By 2025, over 180 zettabytes of data will be generated globally, with healthcare contributing more than one-third. Currently, only about 3% of healthcare data is effectively used due to inefficient systems unable to scale multi-modal data processing.
Agentic AI systems are proactive, goal-driven, and adaptive. They use large language models and foundational models to process vast datasets, maintain context, coordinate multi-agent workflows, and provide real-time decision-making support across multiple healthcare domains.
Specialized agents independently analyze clinical notes, molecular data, biochemistry, radiology, and biopsy reports. They autonomously retrieve supplementary data, synthesize evaluations via a coordinating agent, and generate treatment recommendations stored in EMRs, streamlining multidisciplinary cooperation.
Agentic AI automates appointment prioritization by balancing urgency and available resources. Reactive agents integrate clinical language processing to trigger timely scheduling of diagnostics like MRIs, while compatibility agents prevent procedure risks by cross-referencing device data such as pacemaker models.
They integrate data from diagnostics and treatment modules, enabling theranostic sessions that combine therapy and diagnostics. Treatment planning agents synchronize multi-modal therapies (chemotherapy, surgery, radiation) with scheduling to optimize resources and speed patient care.
AWS services such as S3, DynamoDB, VPC, KMS, Fargate, ALB, OIDC/OAuth2, CloudFront, CloudFormation, and CloudWatch enable secure, scalable, encrypted data storage, compute hosting, identity management, load balancing, and real-time monitoring necessary for agentic AI systems.

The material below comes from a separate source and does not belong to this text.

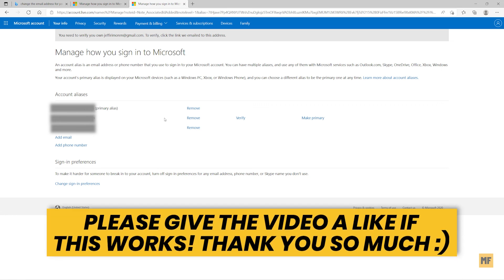Alright guys, that is how you can simply change or update your email address attached to your Microsoft account. If you're having any problems or issues, please let me know in the comments below — I'll do my best to help you. Thank you for watching. Don't forget to leave a like and subscribe to my channel. I post helpful videos all the time. Hope to see you on the next one — have a great and wonderful day!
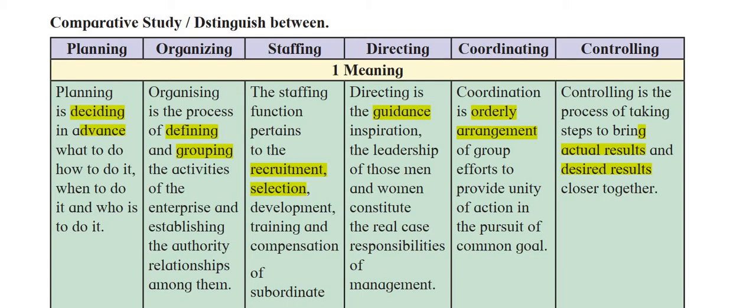Let's start with the first point: meaning. Planning is deciding in advance — what to do, how to do it, when to do it, and who is to do it. All these things have to be decided in advance. Then under organizing, it is a process of defining and grouping the activities of the enterprise and establishing authority relationships among them, with all resources made available.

Human-in-the-loop ensures clinical validation of AI outputs, detecting false information and maintaining safety. It combines robust detection systems with expert oversight, supporting transparency, auditability, and adherence to clinical protocols to build trust and reliability.
Amazon Bedrock accelerates building coordinating agents by enabling memory retention, context maintenance, asynchronous task execution, and retrieval-augmented generation. It facilitates seamless orchestration of specialized agents’ workflows, ensuring continuity and personalized patient care.
Future integrations include connecting MRI and personalized treatment tools for custom radiotherapy dosimetry, proactive radiation dose monitoring, and system-wide synchronization breaking silos. These advancements aim to further automate care, reduce delays, and enhance precision and safety.